A responsabilidade civil do Estado por omissão

A responsabilidade civil é a obrigação de reparar o dano causado a outrem na esfera patrimonial ou moral.


Para se configurar a responsabilidade civil há necessidade de três pressupostos: Fato Administrativo (qualquer conduta comissiva ou omissiva de agente público); dano; e nexo de causalidade entre o fato administrativo e o dano[1].


O Código Civil de 1916 consagrou a responsabilidade civil subjetiva, que tem sua fonte na conduta voluntária causadora de um dano[2], expressa no art. 159: “Aquele que, por ação ou omissão voluntária, negligência ou imperícia, violar direito, ou causar prejuízo a outrem, fica obrigado a reparar o dano”.  A redação é clara no sentido de se exigir a comprovação de culpa para a responsabilidade civil do Estado. Dessa forma, além dos três pressupostos acima, havia, no Código revogado, necessidade do elemento culpa.


Em se tratando de responsabilidade civil do Estado, a regra é a responsabilidade civil objetiva, assim considerada a que não necessita de comprovação de culpa. A Constituição de 1988 seguiu a orientação das Constituições anteriores, desde a Constituição de 1946, com a adoção da responsabilidade civil objetiva, na modalidade de risco administrativo, conforme determina o art. 37, § 6º, da CF, com a seguinte redação:


 “As pessoas jurídicas de direito público e as de direito privado prestadoras de serviços públicos responderão pelos danos que seus agentes, nessa qualidade, causarem a terceiros, assegurado o direito de regresso contra o responsável nos casos de dolo ou culpa”.


O código Civil de 2002, com a tendência em aumentar as hipóteses de responsabilidade civil objetiva, seguiu a mesma linha, no art. 43:


 “As pessoas jurídicas de direito público interno são civilmente responsáveis por atos dos seus agentes que nessa qualidade causem danos a terceiros, ressalvado direito regressivo contra os causadores do dano, se houver, por parte destes, culpa ou dolo”.


No entanto, isso não significa que esteja abolida do direito brasileiro a responsabilidade civil da Administração Pública na vertente subjetiva. Há situações que ensejam a verificação da culpa para se configurar a responsabilidade civil.

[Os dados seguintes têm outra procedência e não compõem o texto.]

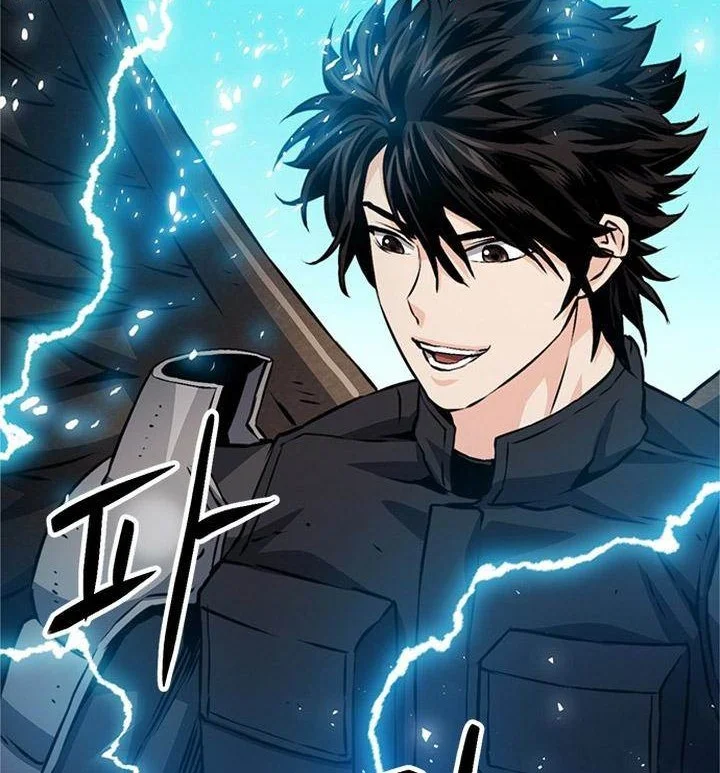 Seoul Station Druid Chapter 127 Gambar 110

A responsabilidade civil por omissão de atos da Administração Pública é subjetiva, situação na qual se erige a culpa como pressuposto da responsabilidade.  Nesse caso, não se aplica a regra do art. 37, § 6º, da CF. Nas palavras de CELSO ANTÔNIO BANDEIRA DE MELLO:


“(…) É que, em princípio, cumpre ao Estado prover a todos os interesses da coletividade. Ante qualquer evento lesivo causado por terceiro, como um assalto em via pública, uma enchente qualquer, uma agressão sofrida em local público, o lesado poderia sempre argüir que o ‘serviço não funcionou”. A admitir-se responsabilidade objetiva nestas hipóteses, o Estado estaria erigido em segurador universal! Razoável que responda pela lesão patrimonial da vítima de um assalto se agentes policiais relapsos assistiram à ocorrência inertes e desinteressados ou se, alertados a tempo de evitá-lo, omitiram-se na adoção de providências cautelares. Razoável que o Estado responda por danos oriundos de uma enchente se as galerias pluviais e os bueiros de escoamento das águas estavam entupidos ou sujos, propiciando o acúmulo de água. Nestas situações, sim, terá havido descumprimento do dever legal na adoção de providências obrigatórias. Faltando, entretanto, este cunho de injuridicidade, que advém do dolo, ou culpa tipificada na negligência, na imprudência ou na imperícia, não há cogitar de responsabilidade pública[3]”.


Quando se fala em danos da Administração Pública por omissão é imperioso se distinguir a omissão específica da omissão genérica. A omissão é específica quando o Estado tem a obrigação de evitar o dano. Isso ocorre nos caos de bueiros destampados que ensejam a queda de uma pessoa, causando-lhe danos. No entanto, há situações que não há possibilidade de o Estado impedir, através de seus agentes, danos eventuais aos seus administrados. O exemplo típico é o de lesões sofridas por atos de vandalismo de terceiros, em estádios de futebol.


Assim sendo, quando há responsabilidade civil por omissão específica, o Estado responde objetivamente, conforme o art. 37, § 6º, da CF. Entretanto, em se tratando de omissões genéricas, a responsabilidade do Poder Público é subjetiva, com necessidade de se aferir a culpa.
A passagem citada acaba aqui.